[Scraped caption text data]
___

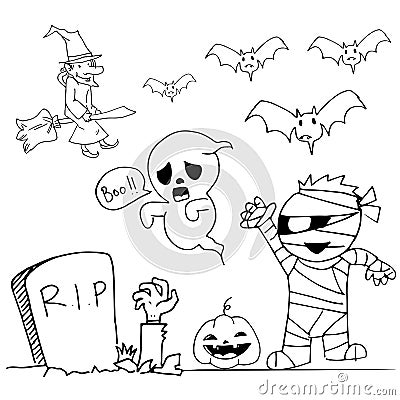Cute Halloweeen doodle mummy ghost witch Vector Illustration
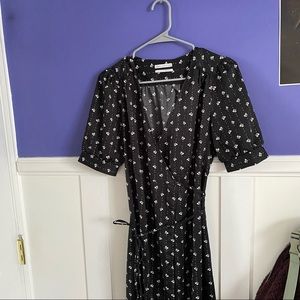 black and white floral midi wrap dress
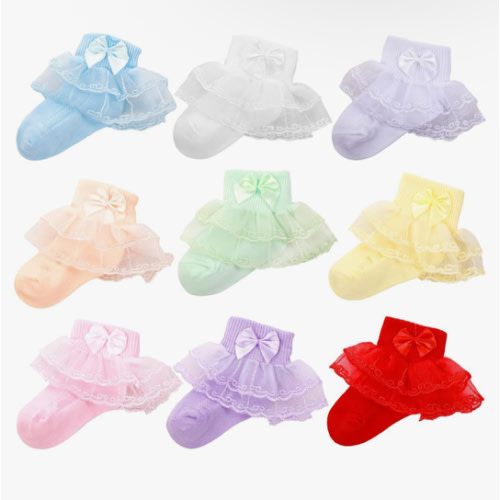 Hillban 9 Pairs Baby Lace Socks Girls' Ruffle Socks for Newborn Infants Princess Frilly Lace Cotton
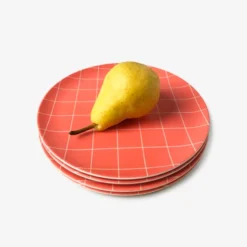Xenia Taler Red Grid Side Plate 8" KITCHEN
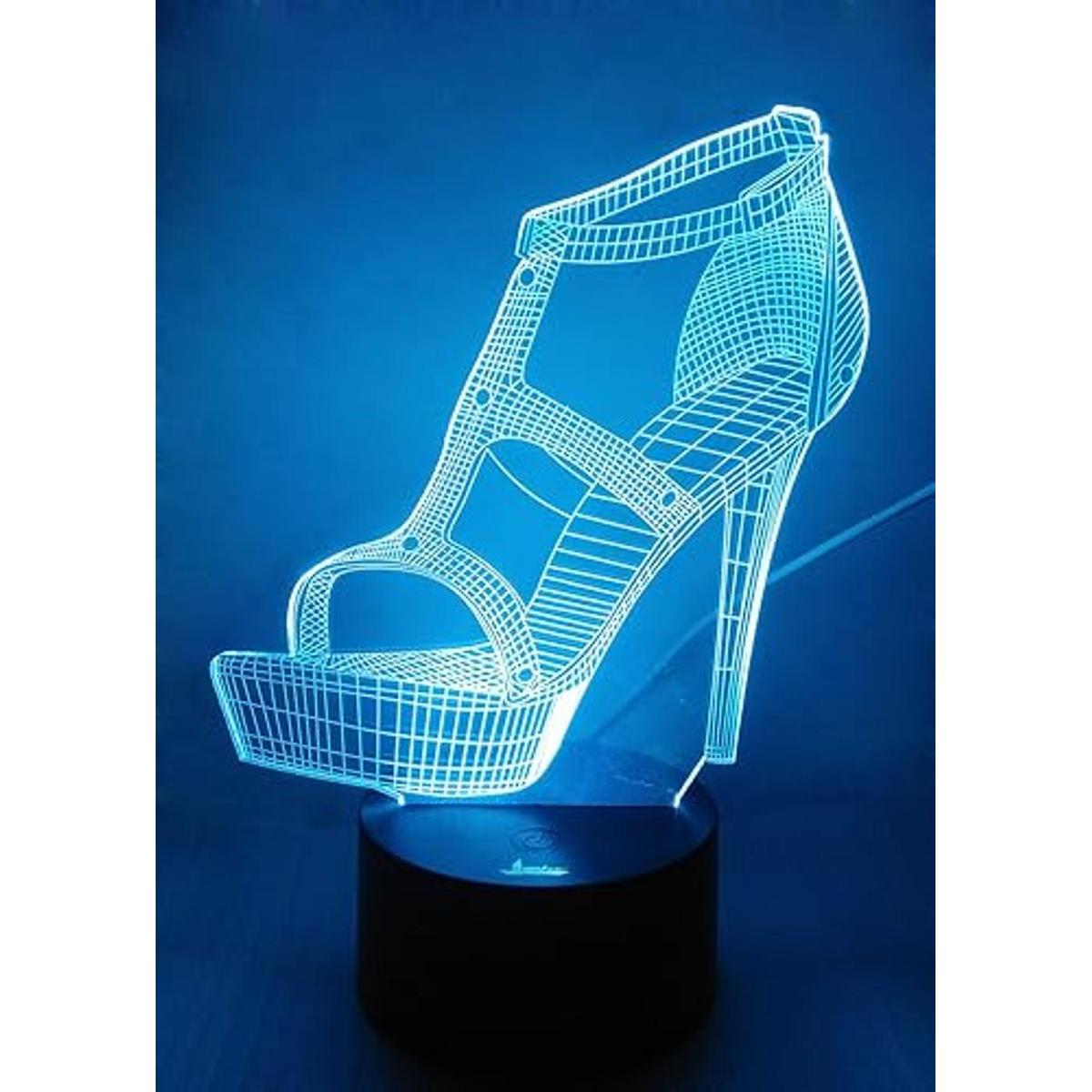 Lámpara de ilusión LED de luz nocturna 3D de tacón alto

___

▶ [ABOUT THIS EXERCISE]
What you return must match each record exactly and contain no images.

▶ [WRITTEN RESPONSE]
Cute Halloweeen doodle mummy ghost witch Vector Illustration
 black and white floral midi wrap dress
 Hillban 9 Pairs Baby Lace Socks Girls' Ruffle Socks for Newborn Infants Princess Frilly Lace Cotton
Xenia Taler Red Grid Side Plate 8" KITCHEN
 Lámpara de ilusión LED de luz nocturna 3D de tacón alto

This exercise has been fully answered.